Vault


Portworx can integrate with Vault to store your encryption keys, secrets, and credentials. This topic explains how to get a Portworx cluster connected to a Vault endpoint, and use it to store secrets that you can use for encrypting volumes.

Setting up Vault

Refer to the Vault install page for setting up Vault in your setup. This includes installation, setting up policies, and configuring secrets.

Vault credentials

Portworx requires the following Vault credentials to use its APIs:

  • Vault Address [VAULT_ADDR]

    Vault server address expressed as a URL and port. For example: https://192.168.11.11:8200

  • Vault Token [VAULT_TOKEN]

    Vault authentication token. Refer to the Vault tokens page for more information about Vault tokens. If you are using the Kubernetes authentication method of Vault, then you need not provide the actual token to Portworx.

  • Vault Base Path [VAULT_BASE_PATH]

    The base path under which Portworx has access to secrets.

  • Vault Backend Path [VAULT_BACKEND_PATH]

    The custom backend path if different than the default secret

  • Vault CA Certificate [VAULT_CACERT]

    Path to a PEM-encoded CA certificate file that needs to be present on all Portworx nodes. This file is used to verify the SSL certificate of Vault server. This variable takes precedence over VAULT_CAPATH.

  • Vault CA Path [VAULT_CAPATH]

    Path to a directory of PEM-encoded CA certificate files that needs to be present on all Portworx nodes.

  • Vault Client Certificate [VAULT_CLIENT_CERT]

    Path to a PEM-encoded client certificate that needs to be present on all Portworx nodes. This file is used for TLS communication with the Vault server.

  • Vault Client Key [VAULT_CLIENT_KEY]

    Path to an unencrypted, PEM-encoded private key which corresponds to the matching client certificate. This key file needs to be present on all Portworx nodes.

  • Vault TLS Server Name [VAULT_TLS_SERVER_NAME]

    Name to use as the SNI host when you connect using TLS.

  • Vault Auth Method [VAULT_AUTH_METHOD]

    Specifies the authentication method that Portworx should use while authenticating with Vault. “Kubernetes” is the currently supported authenication method.

  • Vault Auth Kubernetes Role [VAULT_AUTH_KUBERNETES_ROLE]

    Name of the Kubernetes “Auth Role” created in Vault for Portworx. This field is set only when using the Kubernetes authentication method.

  • Vault Namespace [VAULT_NAMESPACE]

    Allows you to set a global Vault namespace for the Portworx cluster. All Vault requests by Portworx use this Vault namespace, if you do not provide an override.

Kubernetes users

1. Choose the Vault authentication method.

Authentication methods are responsible for authenticating Portworx with Vault.

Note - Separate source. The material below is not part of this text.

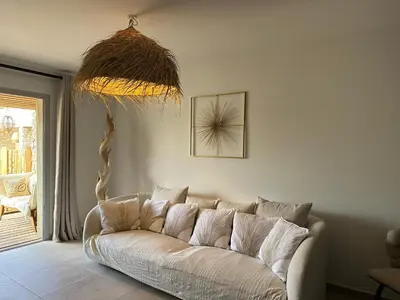 a living room with a white couch in a room at T4 Cala Rossa - 3 Ch - Piscine et Plage à pied in Lecci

Based on your Vault configuration and the authentication method you choose, you must use one of the following two methods:

  • Using token authetication: A static Vault token is provided to Portworx.
  • Using Kubernetes authentication: Portworx uses Kubernetes service account to fetch and refresh Vault tokens.

Using token authentication method

With this method, Portworx requires a Vault static token that you should provide through a Kubernetes secret.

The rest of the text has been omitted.